Customer Segmentation Made Easy with RFM

Why RFM Matters for Customer Insights

In today’s competitive landscape, understanding customer behavior is crucial for sustained success. While many companies track sales and conversion metrics, they often struggle to pinpoint which customers are truly driving growth. Website behavior data can offer insights into actions taken, but it doesn’t always reveal the underlying purchasing patterns that can elevate business outcomes. RFM (Recency, Frequency, Monetary) analysis addresses this gap by segmenting customers based on their buying habits, how recently and frequently they purchase, and how much they spend. This straightforward yet powerful model helps categorize customers into actionable segments, providing a solid foundation for more targeted and effective marketing strategies.

Breaking Down the RFM Model

The RFM model is a powerful tool that helps businesses categorize customers based on their purchasing habits, providing insight into which customers are most valuable and predicting how new customers might behave. By evaluating Recency, Frequency, and Monetary (RFM) factors, companies can identify their best customers and tailor their marketing efforts accordingly.

The model assigns each customer a score, typically from 1 to 5, across three key dimensions:

Recency: This measures how recently a customer made their last purchase. Generally, customers who made a recent purchase are more likely to buy again. The timeframe for measuring recency should align with your business model; for example, a car dealership might consider a customer "recent" if they purchased a car within the last few years, whereas a retail store might look at weeks or months.

Frequency: This evaluates how often a customer makes purchases, helping to identify repeat buyers. High-frequency customers are often brand loyal and more likely to keep shopping with you after their initial purchase, making frequency a crucial metric for gauging long-term engagement.

Monetary: This assesses how much a customer spends over a specified period. While high-value customers may purchase less frequently, their spending on premium products often makes them highly valuable. Understanding monetary value helps businesses recognize which customers are making the most significant contributions to revenue.
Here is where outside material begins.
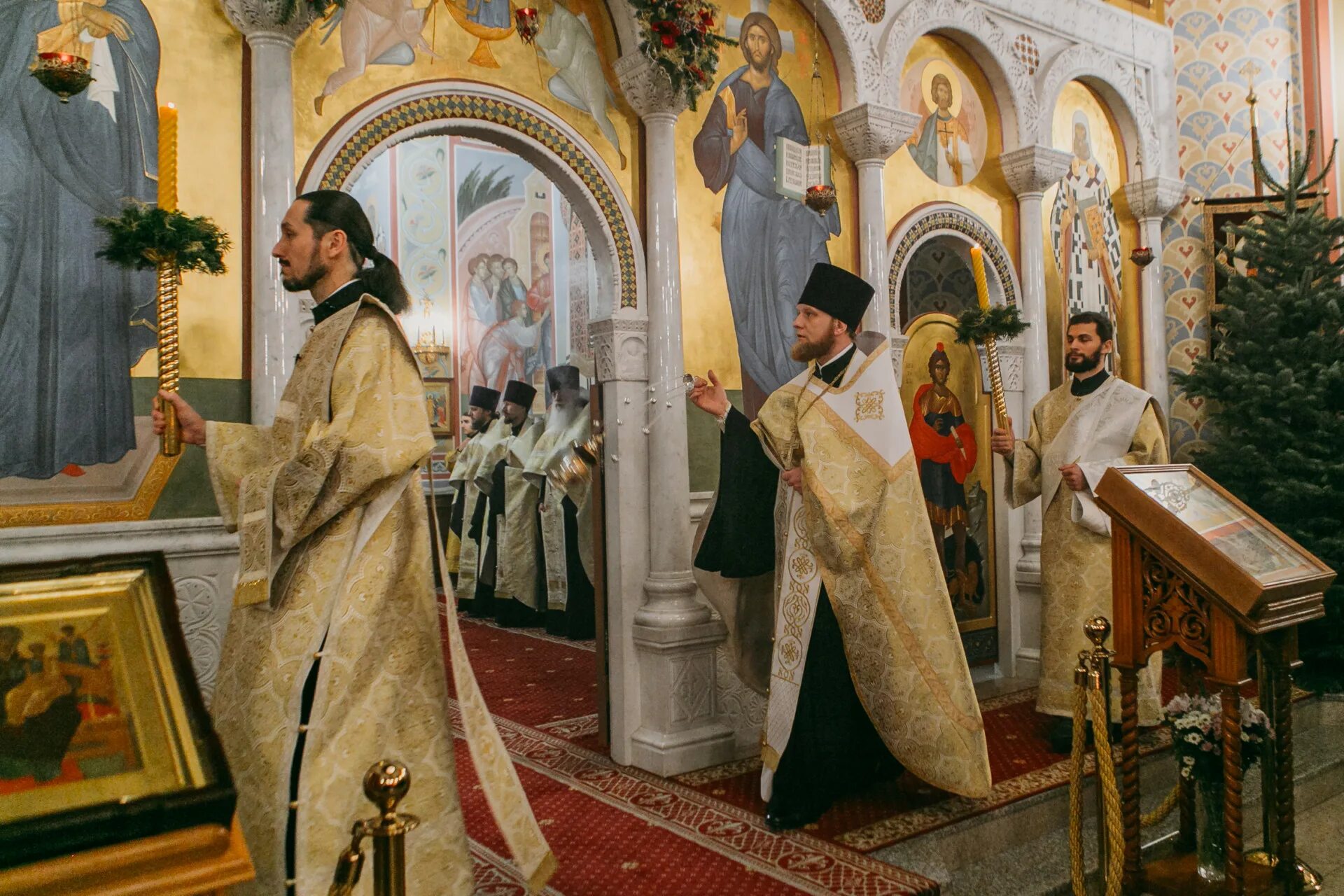 телефон храма рождества христова. телефон храма рождества христова. литургия обнинск рождественский храм. рождественский храм старый оскол. храм рождества христова старый оскол информация.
By scoring customers across these dimensions, businesses can segment their audience more effectively and prioritize high-value groups for targeted marketing. Most RFM models use a 1–5 scale for scoring, but this can be customized to allow for more nuanced and precise customer segmentation.
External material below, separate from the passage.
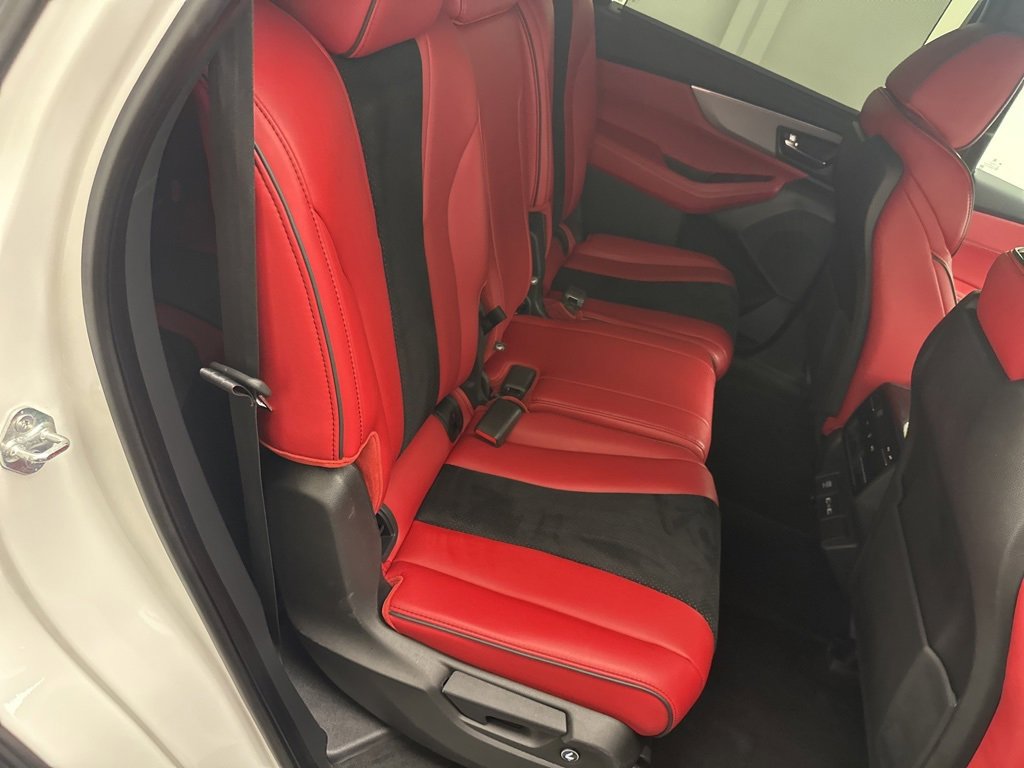 Used 2022 Acura MDX A-Spec image 11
Guide to Building Your RFM Model

Preparing Data for RFM Analysis

To ensure accurate RFM (Recency, Frequency, Monetary) analysis, your dataset should contain the following key components:

  1. Customer Identifiers: Include a unique identifier for each customer, such as customer_id to differentiate individual purchase behaviors.

  2. Purchase Transaction Data: Gather essential details for each transaction, including:

    • transaction_id: A unique ID for each transaction.

    • purchase_date: The date the purchase occurred.

    • purchase_amount: The total amount spent in each transaction.

  3. Aggregating Data: Sum the revenue by grouping data by date, customer_id and transaction_id. Ensure your aggregated data has columns for:

    • transaction_date

    • customer_id

    • transaction_id

    • total_revenue (sum of purchase_amount per transaction)

  4. Final Table Example: Your table should look like this:

Set up the RFM model

Step 1: Load and prep the data

This step initializes the dataset by loading and preparing it for RFM calculations:

  • Set Data Types: Specifies data types for key columns, ensuring customer_id and transaction_id are read as strings, which prevents unintended numerical operations.

  • Load and Parse Date Column: Reads data from a CSV file (rfm_data.csv) and parses the date column as a datetime object, which is essential for accurately calculating recency.

  • Create Working Copy: Makes a copy of the original dataset (sales_df) for analysis, preserving the raw data and allowing flexibility in data manipulation without altering the source.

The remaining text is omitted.